Giter Club home page Giter Club logo

optimize-net's Introduction

OptNet - reducing memory usage in torch neural networks

Memory optimizations for torch neural networks.

Heavily inspired from the Optimizer from https://github.com/facebook/fb-caffe-exts

Installing

Simply do

luarocks install optnet

How does it work ?

It goes over the network and verify which buffers can be reused. It supports both inference (evaluation) mode and training mode.

Inference mode

Here is a list of currently tested modules. Numbers are for CPU version, with batch size of 1, for double type, in the format (total memory used, memory used for the outputs, memory used for the internal buffers, memory used for the parameters and grad parameters):

Network before optimization after optimization Relative save
alexnet (973MB, 6MB, 43MB, 924MB) (472MB, 1.5MB, 9MB, 462MB) (51%, 75%, 80%, 50%)
vgg-A (2311MB, 69MB, 215MB, 2027MB) (1106MB, 31MB, 61MB, 1014MB) (52%, 55%, 72%, 50%)
googlenet (505MB, 69MB, 145MB, 292MB) (193MB, 31MB, 16MB, 146MB) (62%, 54%, 89%, 50%)
resnet 110 (cifar) (113MB, 16MB, 71MB, 26MB) (15MB, 0.5MB, 1.3MB, 13MB) (87%, 97%, 98%, 50%)

Note that for most of the models, for a batch size of 1 most of the memory is spent with the weights and gradWeights of the network (and the latter can be safely freed during inference).

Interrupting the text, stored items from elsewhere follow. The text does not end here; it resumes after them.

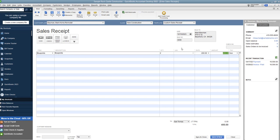So this one is also 400 dollars, just like the invoice. Now you'll see here that you have the option to choose payment method. Why would you choose this? Well, this is because a sales receipt you record when somebody pays you immediately.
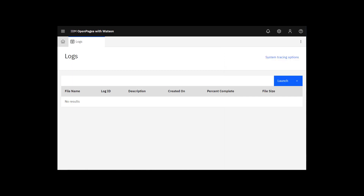When we start the collection of logs, the next zip file it creates will contain the trace logs you selected. In our case, that would be the trace of application operations. To start the collection of logs, click Launch.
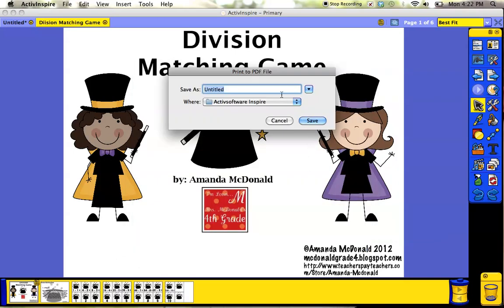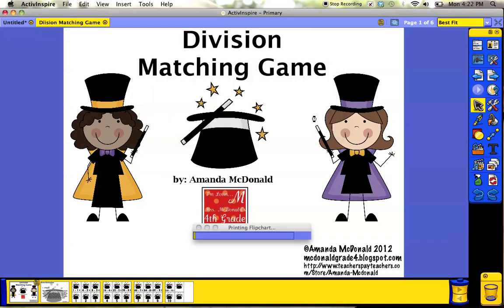Then you give it a name, such as Division Matching Game, so I know what it is, and click Save.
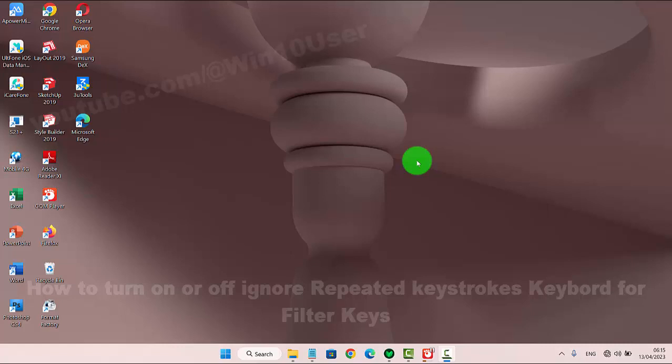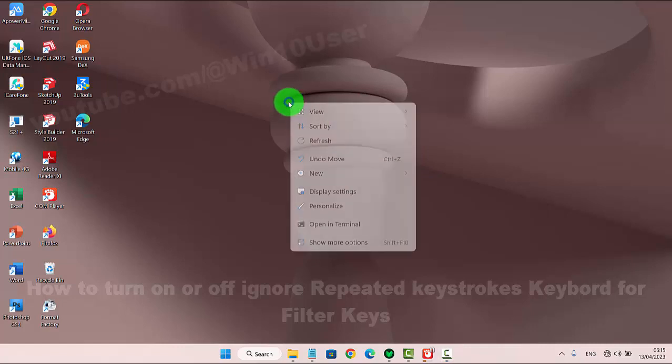To turn on or turn off ignore repeated keystrokes for Filter Keys in Windows 11 Home, right-click on an empty area on the desktop, and then select Personalize.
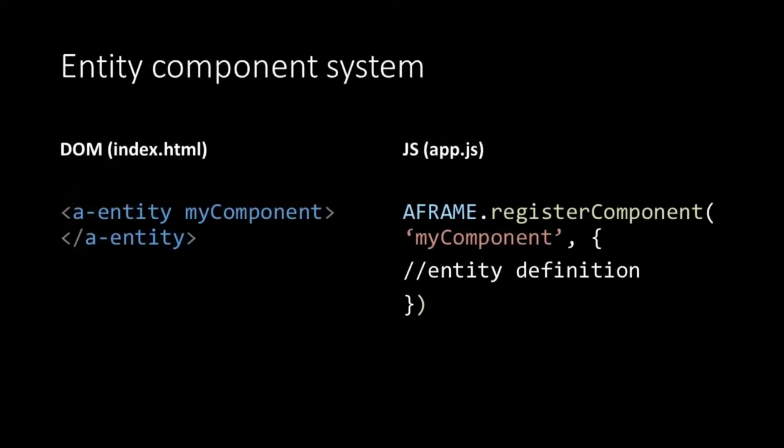Being based on entity components means that A-Frame also supports that you create your own components. In the DOM or our index.html file they are instantiated by the tag A-Entity, followed by the name of the component. In the JavaScript, custom components are registered using the registerComponent method. This method takes in two arguments. First one is the name of the component and the other one is an object that describes the component's behavior. For our own project we are going to create one component. This is the component that generates the bars for our bar chart.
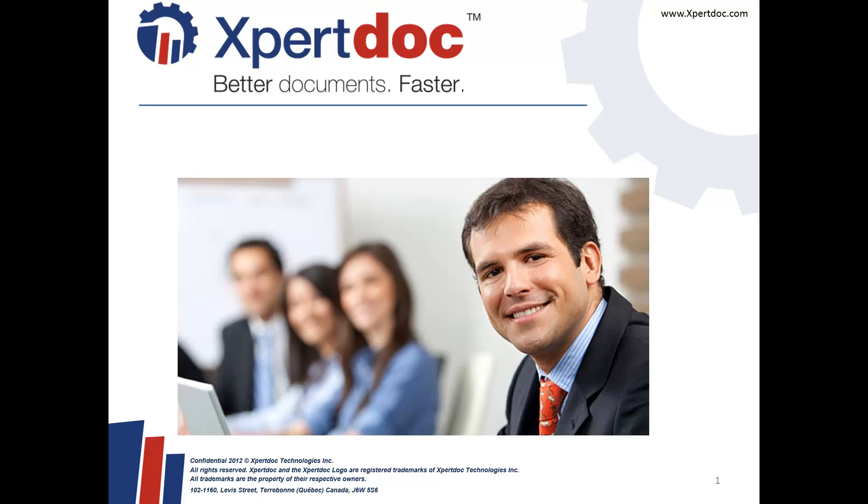Hello, my name is Francis, and this will be a quick demonstration on how you can make better documents faster using Xpertdoc, Microsoft Word, and Microsoft Dynamics CRM.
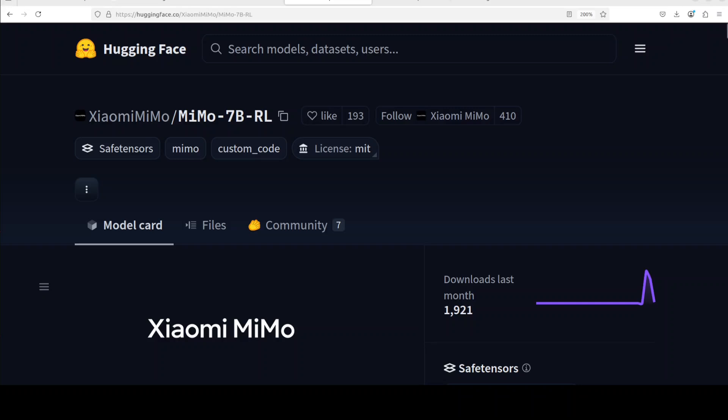This video shows how to install and use a 7 billion parameter large language model by Xiaomi. This model, MIMO 7 billion, is reinforcement learning in style. If you're looking to see how exactly reinforcement learning performs when it's done right in pre-training and post-training, then watch on. I'm Fahad Mirza and I welcome you to the channel.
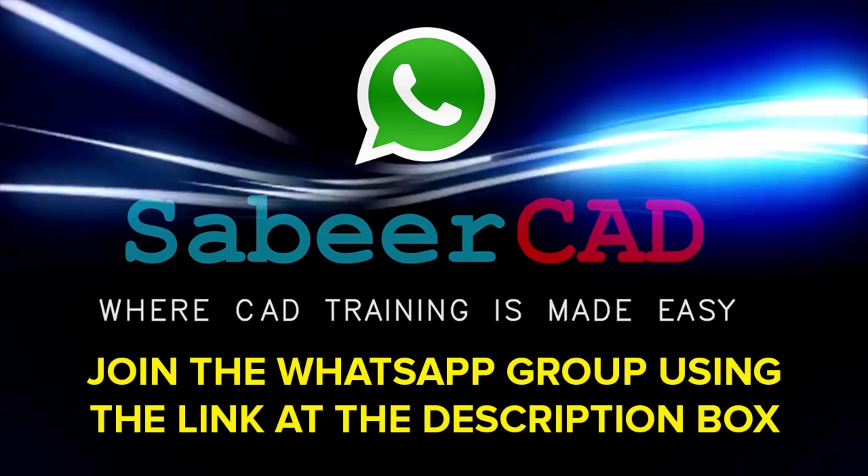Please click on the link provided at the description section of this video to join the WhatsApp group SabirCAD. You know that AutoCAD software has got wide range of applications in the area of engineering, architecture, product design, 3D printing, etc.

More interestingly, the the output size is linearly dependent on the batch size, which means that the total savings are much more significant for bigger batch sizes.

In a more realistic setup where we use cudnn and batch size of 128, the gains are way more significant, specially for very deep networks like resnet. The memory usage is shown in the following table (for float type), following (total memory used, memory used for the outputs, memory used for the parameters and grad parameters) as cudnn almost don't use internal buffers:

Network before optimization after optimization Relative save
alexnet (859MB, 397MB, 462MB) (328MB, 97MB, 231MB) (62%, 75%, 50%)
vgg-A (5340MB, 4386MB, 1014MB) (2467MB, 1960MB, 507MB) (54%, 55%, 50%)
googlenet (4536MB, 4390MB, 146MB) (2066MB, 1993MB, 73MB) (54%, 55%, 50%)
resnet 110 (cifar) (1049MB, 1036MB, 13MB) (39MB, 32MB, 7MB) (96%, 97%, 50%)

Training mode

We currently support a basic algorithm for training mode. Using cudnn with batch size of 64, we currently obtain the following savings, in the format (total memory used, memory used for the outputs, memory used for the gradInputs, memory used for the parameters and gradParameters):

Network before optimization after optimization Relative save
alexnet (963MB, 195MB, 303MB, 462MB) (816MB, 195MB, 156MB, 462MB) (15%, 0%, 48%, 0%)
vgg-A (5433MB, 2191MB, 2228MB, 1014MB) (4228MB, 2191MB, 1023MB, 1014MB) (22%, 0%, 54%, 0%)
googlenet (6092MB, 2195MB, 3346MB, 146MB) (4844MB, 2195MB, 2098MB, 146MB) (20%, 0%, 37%, 0%)
resnet 110 (cifar) (664MB, 259MB, 392MB, 13MB) (428MB, 259MB, 156MB, 13MB) (36%, 0%, 60%, 0%)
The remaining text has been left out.